■ DATA FOR REVIEW
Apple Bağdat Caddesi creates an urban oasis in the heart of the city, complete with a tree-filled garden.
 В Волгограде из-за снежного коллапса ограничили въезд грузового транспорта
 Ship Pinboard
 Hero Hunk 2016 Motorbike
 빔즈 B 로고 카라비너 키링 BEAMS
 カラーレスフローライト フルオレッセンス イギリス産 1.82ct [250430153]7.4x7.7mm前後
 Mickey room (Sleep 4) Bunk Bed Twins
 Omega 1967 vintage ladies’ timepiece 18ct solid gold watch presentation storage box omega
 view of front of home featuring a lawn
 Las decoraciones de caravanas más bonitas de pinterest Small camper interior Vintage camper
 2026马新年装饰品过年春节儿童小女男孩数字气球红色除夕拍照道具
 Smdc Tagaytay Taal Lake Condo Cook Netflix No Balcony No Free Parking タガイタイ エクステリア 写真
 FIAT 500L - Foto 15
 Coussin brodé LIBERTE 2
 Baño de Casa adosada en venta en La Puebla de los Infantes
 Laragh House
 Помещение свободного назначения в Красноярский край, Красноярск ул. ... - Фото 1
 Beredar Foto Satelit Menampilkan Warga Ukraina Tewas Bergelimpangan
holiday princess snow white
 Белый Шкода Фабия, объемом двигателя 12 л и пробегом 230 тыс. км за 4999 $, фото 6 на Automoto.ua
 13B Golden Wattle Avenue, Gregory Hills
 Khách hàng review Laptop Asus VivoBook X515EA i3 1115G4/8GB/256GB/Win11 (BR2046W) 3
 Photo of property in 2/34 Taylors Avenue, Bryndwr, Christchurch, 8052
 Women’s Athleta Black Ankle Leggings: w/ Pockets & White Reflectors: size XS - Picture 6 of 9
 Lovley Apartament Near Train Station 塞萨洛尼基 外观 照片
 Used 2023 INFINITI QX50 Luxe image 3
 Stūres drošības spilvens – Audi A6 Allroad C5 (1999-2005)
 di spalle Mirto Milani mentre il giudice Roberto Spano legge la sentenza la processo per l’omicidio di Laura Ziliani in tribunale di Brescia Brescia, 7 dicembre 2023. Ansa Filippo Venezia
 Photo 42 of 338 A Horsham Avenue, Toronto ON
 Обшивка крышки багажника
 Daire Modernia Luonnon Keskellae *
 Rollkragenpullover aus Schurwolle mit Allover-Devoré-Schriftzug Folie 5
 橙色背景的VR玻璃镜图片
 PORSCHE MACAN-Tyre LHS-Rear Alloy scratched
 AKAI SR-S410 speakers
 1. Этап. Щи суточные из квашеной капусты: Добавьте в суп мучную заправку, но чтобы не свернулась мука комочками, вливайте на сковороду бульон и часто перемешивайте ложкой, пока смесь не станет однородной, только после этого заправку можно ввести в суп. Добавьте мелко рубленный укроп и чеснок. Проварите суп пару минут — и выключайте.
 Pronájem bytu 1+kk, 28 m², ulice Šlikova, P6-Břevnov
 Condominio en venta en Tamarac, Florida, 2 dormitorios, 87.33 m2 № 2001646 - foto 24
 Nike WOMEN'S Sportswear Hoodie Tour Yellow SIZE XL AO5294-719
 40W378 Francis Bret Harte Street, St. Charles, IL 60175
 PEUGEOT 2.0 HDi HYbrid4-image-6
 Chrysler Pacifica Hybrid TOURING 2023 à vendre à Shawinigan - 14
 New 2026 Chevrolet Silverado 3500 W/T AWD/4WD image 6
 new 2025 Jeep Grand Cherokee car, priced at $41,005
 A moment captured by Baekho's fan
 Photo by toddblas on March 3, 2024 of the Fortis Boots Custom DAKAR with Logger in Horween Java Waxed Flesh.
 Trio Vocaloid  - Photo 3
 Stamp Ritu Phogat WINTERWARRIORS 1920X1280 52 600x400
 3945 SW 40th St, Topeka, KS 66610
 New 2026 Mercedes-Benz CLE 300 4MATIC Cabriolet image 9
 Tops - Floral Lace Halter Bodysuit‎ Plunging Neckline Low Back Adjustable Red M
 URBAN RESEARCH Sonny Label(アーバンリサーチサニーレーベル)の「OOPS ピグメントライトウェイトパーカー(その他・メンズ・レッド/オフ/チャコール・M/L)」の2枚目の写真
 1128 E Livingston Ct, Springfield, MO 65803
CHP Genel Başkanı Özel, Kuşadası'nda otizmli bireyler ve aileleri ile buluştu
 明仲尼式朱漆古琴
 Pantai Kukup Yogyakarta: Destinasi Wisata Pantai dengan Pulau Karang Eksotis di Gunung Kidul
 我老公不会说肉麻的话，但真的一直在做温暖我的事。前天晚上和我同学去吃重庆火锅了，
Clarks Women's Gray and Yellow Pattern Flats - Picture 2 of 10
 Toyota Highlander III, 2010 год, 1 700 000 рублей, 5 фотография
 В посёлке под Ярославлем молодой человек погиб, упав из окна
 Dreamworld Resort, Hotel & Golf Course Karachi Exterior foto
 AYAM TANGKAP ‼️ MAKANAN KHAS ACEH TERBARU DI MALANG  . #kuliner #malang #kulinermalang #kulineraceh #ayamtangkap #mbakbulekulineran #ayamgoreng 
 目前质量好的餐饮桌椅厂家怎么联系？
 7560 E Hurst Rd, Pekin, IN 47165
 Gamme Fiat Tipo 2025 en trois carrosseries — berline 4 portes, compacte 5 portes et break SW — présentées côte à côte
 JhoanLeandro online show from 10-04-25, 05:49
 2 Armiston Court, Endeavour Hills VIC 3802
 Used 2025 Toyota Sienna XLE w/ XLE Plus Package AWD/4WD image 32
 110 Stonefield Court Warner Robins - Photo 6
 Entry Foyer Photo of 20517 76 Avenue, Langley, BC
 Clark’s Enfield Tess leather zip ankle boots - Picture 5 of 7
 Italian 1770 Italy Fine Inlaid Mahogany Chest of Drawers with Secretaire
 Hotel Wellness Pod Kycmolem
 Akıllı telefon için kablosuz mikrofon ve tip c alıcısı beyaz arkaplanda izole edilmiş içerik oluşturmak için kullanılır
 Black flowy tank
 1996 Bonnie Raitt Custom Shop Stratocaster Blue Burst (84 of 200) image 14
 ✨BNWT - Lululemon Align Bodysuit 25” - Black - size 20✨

■ TASK DETAILS
Write down exactly the span of lines above from the one containing "PEUGEOT 2.0 HDi HYbrid4-image-6" to the one containing "В посёлке под", both ends included.

■ EXERCISE RESPONSE
 PEUGEOT 2.0 HDi HYbrid4-image-6
 Chrysler Pacifica Hybrid TOURING 2023 à vendre à Shawinigan - 14
 New 2026 Chevrolet Silverado 3500 W/T AWD/4WD image 6
 new 2025 Jeep Grand Cherokee car, priced at $41,005
 A moment captured by Baekho's fan
 Photo by toddblas on March 3, 2024 of the Fortis Boots Custom DAKAR with Logger in Horween Java Waxed Flesh.
 Trio Vocaloid  - Photo 3
 Stamp Ritu Phogat WINTERWARRIORS 1920X1280 52 600x400
 3945 SW 40th St, Topeka, KS 66610
 New 2026 Mercedes-Benz CLE 300 4MATIC Cabriolet image 9
 Tops - Floral Lace Halter Bodysuit‎ Plunging Neckline Low Back Adjustable Red M
 URBAN RESEARCH Sonny Label(アーバンリサーチサニーレーベル)の「OOPS ピグメントライトウェイトパーカー(その他・メンズ・レッド/オフ/チャコール・M/L)」の2枚目の写真
 1128 E Livingston Ct, Springfield, MO 65803
CHP Genel Başkanı Özel, Kuşadası'nda otizmli bireyler ve aileleri ile buluştu
 明仲尼式朱漆古琴
 Pantai Kukup Yogyakarta: Destinasi Wisata Pantai dengan Pulau Karang Eksotis di Gunung Kidul
 我老公不会说肉麻的话，但真的一直在做温暖我的事。前天晚上和我同学去吃重庆火锅了，
Clarks Women's Gray and Yellow Pattern Flats - Picture 2 of 10
 Toyota Highlander III, 2010 год, 1 700 000 рублей, 5 фотография
 В посёлке под Ярославлем молодой человек погиб, упав из окна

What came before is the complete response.